Ma se in frigo avete: pancetta, uova, pecorino q.b..
E in dispensa avete: rigatoni, aglio, olio, pepe nero.
… Cosa vi mangiate, a pranzo?
Sì, lo so, potreste farvi le uova strapazzate con pancetta, stile colazione inglese. Oppure la pasta aglio e olio.
Ma se avete tutti gli ingredienti per una carbonara, perché accontentarvi di questi surrogati?
Solo perché potete farlo? Ok, viva la libertà.
Ma se la vostra dispensa vi sta implorando in ginocchio di preparare proprio quel piatto, che vi riesce pure così bene, perché fare altro?
A me sembra che lo facciamo molto spesso, un po’ in tutto. Fare qualcosa molto al disotto delle nostre capacità. Al disotto di ciò che possiamo, in nome di ciò che crediamo di volere (che, guarda caso, coincide spesso con la decisione più pigra o meno esigente).

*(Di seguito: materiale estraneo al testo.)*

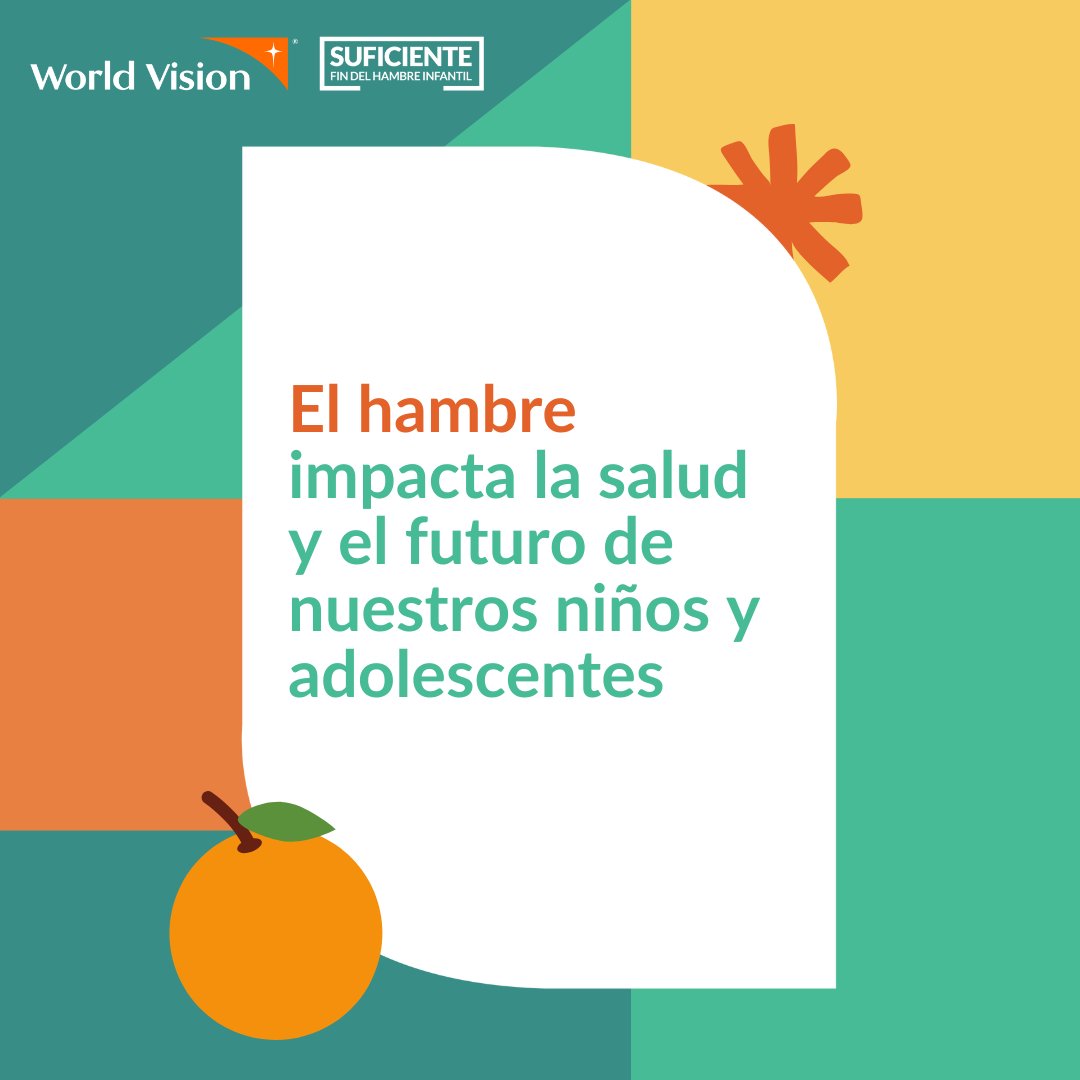 las niñas, niños y adolescentes que experimentan inseguridad alimentaria son dos veces más propensos a padecer enfermedades respiratorias, intoxicación y enfermedades diarreicas, y tres veces más propensos a padecer desnutrición. 😞🧐

Hagamos algo, ¿te sumas a nosotros? 🧡🍎🥕🌽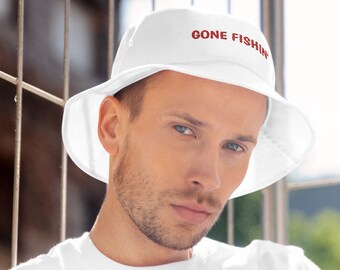 Gone Fishin' Bucket Hat, Fishermen Bucket Hat, Fishing Lover Bucket Hat, Fishing Gift, Fishermen Wear, Fishing Bucket Hat, Fishermen Outfit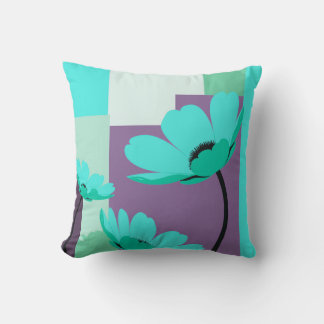 Minimal Abstract Floral Color Therapy Pillow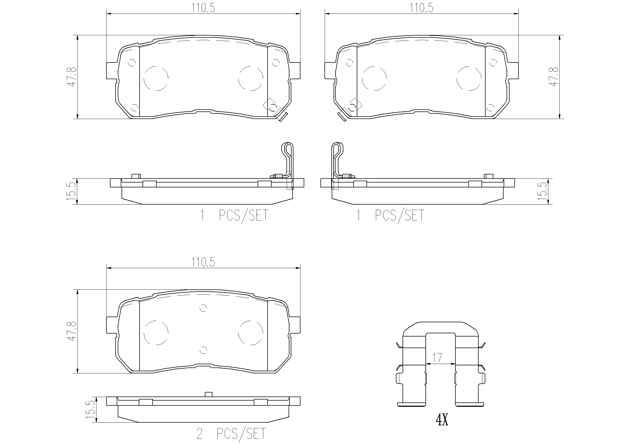 Brake pad Brembo P30035N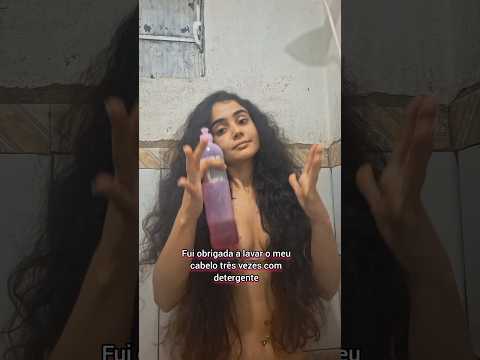 Fui OBRIGADA a LAVAR o CABELO com DETERGENTE e olhem oque aconteceu...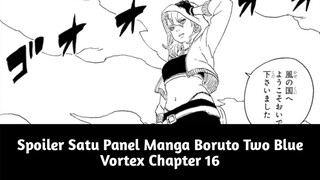 Spoiler Satu Panel Manga Boruto Two Blue Vortex Chapter 16❗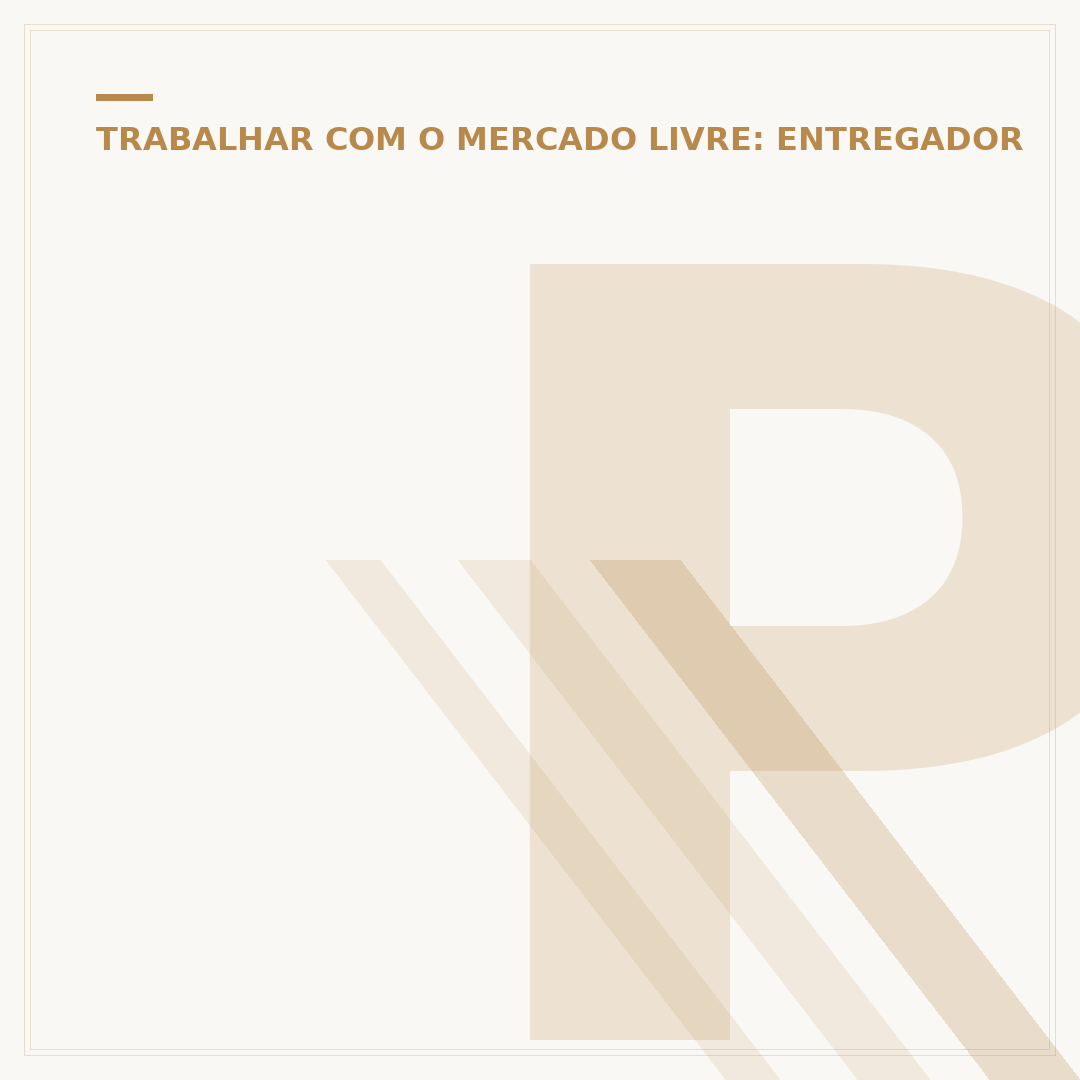 Precisa ser MEI para ser entregador do Mercado Livre?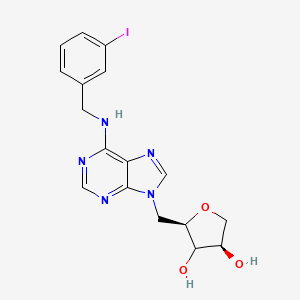 molecular formula C17H18IN5O3 B12377159 Anti-inflammatory agent 59 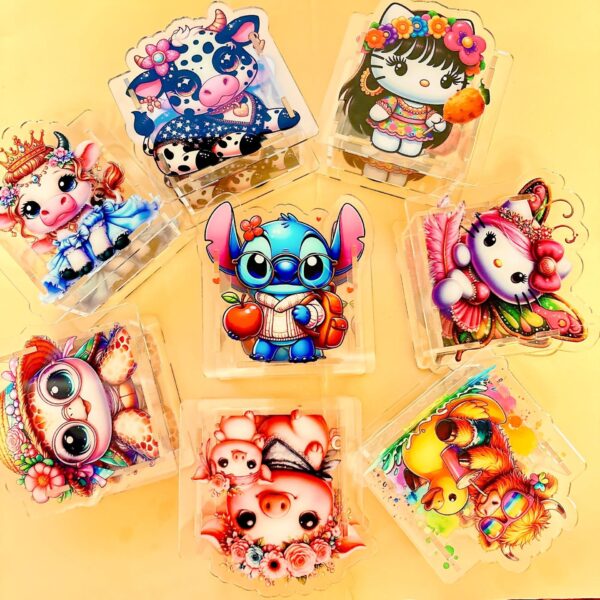 Wholesale 10cm Cartoon Cows DIY Acrylic Pen Holder OLY Exclusive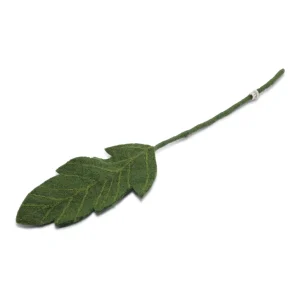 Big Dark Green Felt Leaf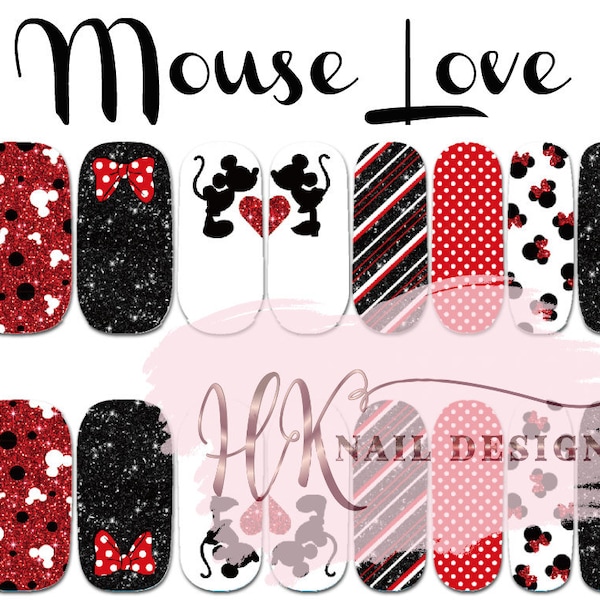 Mouse Love Nail Wraps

Io mo’ non sarò Dickens, ma volevo scrivere, e per molto tempo mi sono accontentata di descrivere appartamenti online per un’agenzia. La noia di commentare interni spesso tutti uguali veniva compensata dalla sfida di farlo in modo sempre diverso, e dalla quantità (quaranta descrizioni al giorno era la mia media).
E stavo bene. Mai stata meglio. Ma mi mancava qualcosa e non volevo vederlo, infatti, quando sono stata licenziata, la creatività che reprimevo mi ha travolta e trascinata con sé alla deriva, per un bel po’ di tempo. Finché non ne sono riemersa più consapevole della mia vocazione, e finalmente con una penna in mano.
Allora, guardandomi indietro, la sensazione è stata la stessa che avrei dopo essermi accontentata di una pasta scaldata (la specialità delle mie “amate” suore delle elementari) per la pigrizia di mettere a soffriggere roba sul fuoco: sfuggire al mio destino, in un certo senso. Prendere sottogamba le mie qualità. Una cosa è fallire come scrittrice, un’altra è non provarci proprio, accontentandomi di descrivere appartamenti.
Non è una questione di gerarchie, anzi. Una buona pasta aglio e olio vale la migliore delle carbonare, non dico di no (specie ora che non mangio carne). E c’erano persone, nell’agenzia degli appartamenti, che ci mettevano tutta la passione del mondo, perché quell’attività veniva incontro alle loro aspirazioni: non ci vedevano creatività frustrata, ma affari, la voglia di primeggiare nel loro campo, la passione per il mestiere. Per loro era questa, la storia, e questa la bellezza.
Dobbiamo cercare la nostra, di bellezza, la cosa migliore che riusciamo a fare e a essere, con gli ingredienti a disposizione.
Ne parleremo ancora, a stomaco pieno magari.